Directed by Joel Grey, the production snagged a 2019 Outer Critics Circle Award for Best Musical Revival, a Drama Desk for the same as well as a special citation from the New York Drama Critics’ Circle. Naturally the Forward, staffed by Sholem Aleichem and “Fiddler” stans, was covering the show before all these plaudits, from the first murmurs that it was waiting in the wings, to the celebrity attendees to the ripples the show’s Yiddishkeit revival sent throughout the Jewish community.
In April of 2018, shortly before the July debut of the production, Deputy Culture Editor Talya Zax, sat in for the dance auditions, watching the prospective Tzeitels and Motels practice all the “knee stuff” that goes into the hora choreography. Zax later wrote a poignant and personal review of the show’s “bittersweet portrait of Jewish joy.”
Forward contributor and “Fiddler” expert Alisa Solomon traced the history of the show’s Yiddish translation in a Rockower Award-winning feature. And when the show debuted, Forverts editor Rukhl Schaechter wrote a moving piece about the production’s verisimilitude and her own Yiddish-speaking childhood.

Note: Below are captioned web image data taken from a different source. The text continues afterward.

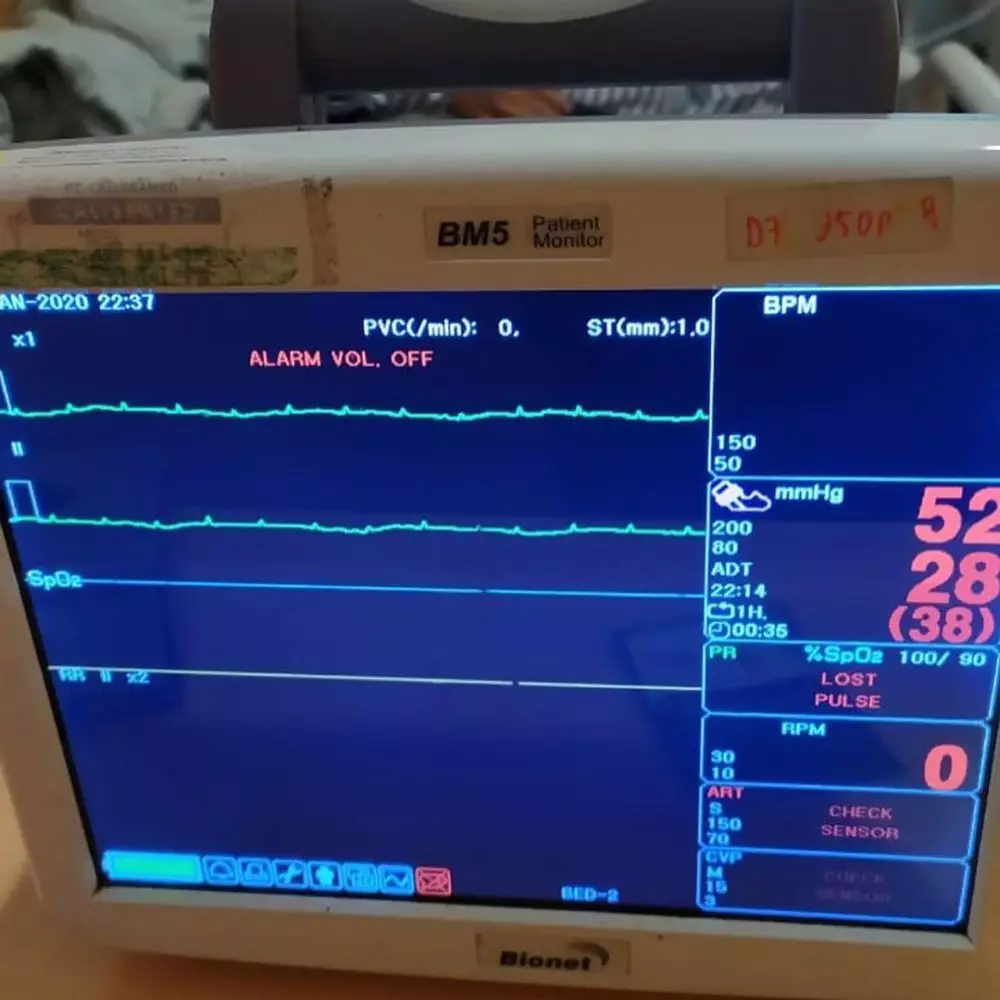Cerita Melly Goeslaw detik-detik Ria Irawan meninggal instagram Cerita Melly Goeslaw detik-detik Ria Irawan meninggal instagram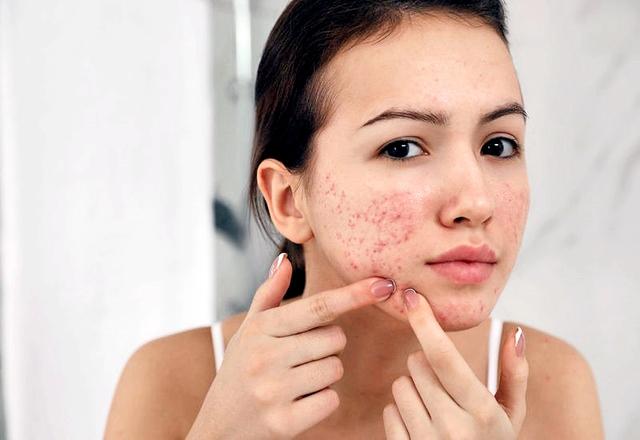 Tại sao Cold Plasma là ‘chân ái’ cho làn da người Việt? - Ảnh 2.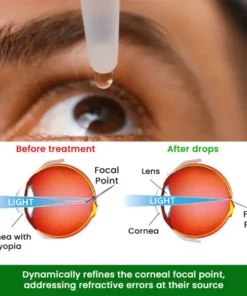 Cvreoz® Myopia Cure Drops
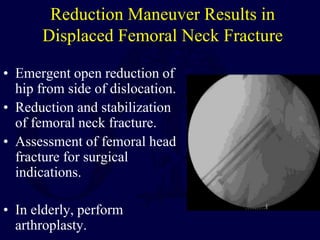 Reduction Maneuver Results in
Displaced Femoral Neck Fracture
• Emergent open reduction of
hip from side of dislocation.
• Reduction and stabilization
of femoral neck fracture.
• Assessment of femoral head
fracture for surgical
indications.
• In elderly, perform
arthroplasty.
 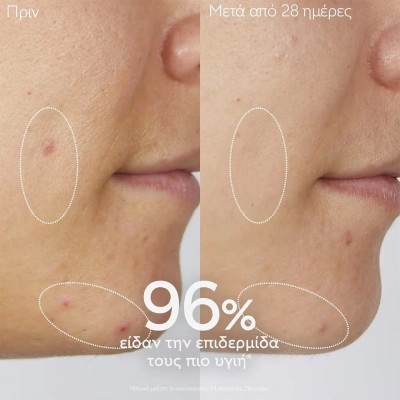 Caudalie Vinopure Purifying Cleanser Gel 150ml – Καθαριστικό Προσώπου κατά των Ατελειών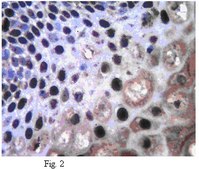 Anti-Twist1 (Twist-related protein 1) Antibody from rabbit, purified by affinity chromatography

“Yiddler,” as the production became known colloquially, soon took off, leaving its first stage at the Edmond J. Safra Hall for the Off-Broadway haunts at Stage 42. There, SNL cast favorite Kate McKinnon and legendary Supreme Court Justice Ruth Bader Ginsburg took in Jerry Bock’s soaring score — on the same night!
But perhaps no performance of the show was as meaningful as the one from June 20, 2019, World Refugee Day, when, as Deputy Life Editor Jenny Singer reported, 500 refugees were in attendance.
Not all of the talk of “Fiddler” has been particularly germane to this production, of course. Current events involving the arrest of two Soviet-born associates of Rudolf Giuliani, who are on the board of a charity called American Friends of Anatevka, have kept the name of the show’s shtetl in our pages. This, while a “Fiddler” documentary played to rave reviews this summer.
Steven Skybell, who won a Lucille Lortel award for his performance as Tevye, spoke movingly in Slate of playing the role in the aftermath of the Pittsburgh and Poway shootings.
“In ‘If I Were a Rich Man,’ the sweetest moment, the sweetest aspect, of Tevye’s dream is that if he were rich, he could sit in shul all day and go three times a day,” Skybell told Slate’s Isaac Butler. “That is turned on its ear when you see that a synagogue is not necessarily a safe place. So that became so bittersweet to me. That is where a Jew wants to be, and yet there’s no guarantee that that won’t end in horror.”
Coming up on the yahrzeit of Pittsburgh, we would appear to need a show like “Fiddler” more than ever. We are sad to see it go.
But it is not the end of the road for the milkman and his daughters. The Folksbiene is organizing tours, the Forverts reported, with an Australian production slated to open in September at the Sydney Opera House – quite a way from Anatevka!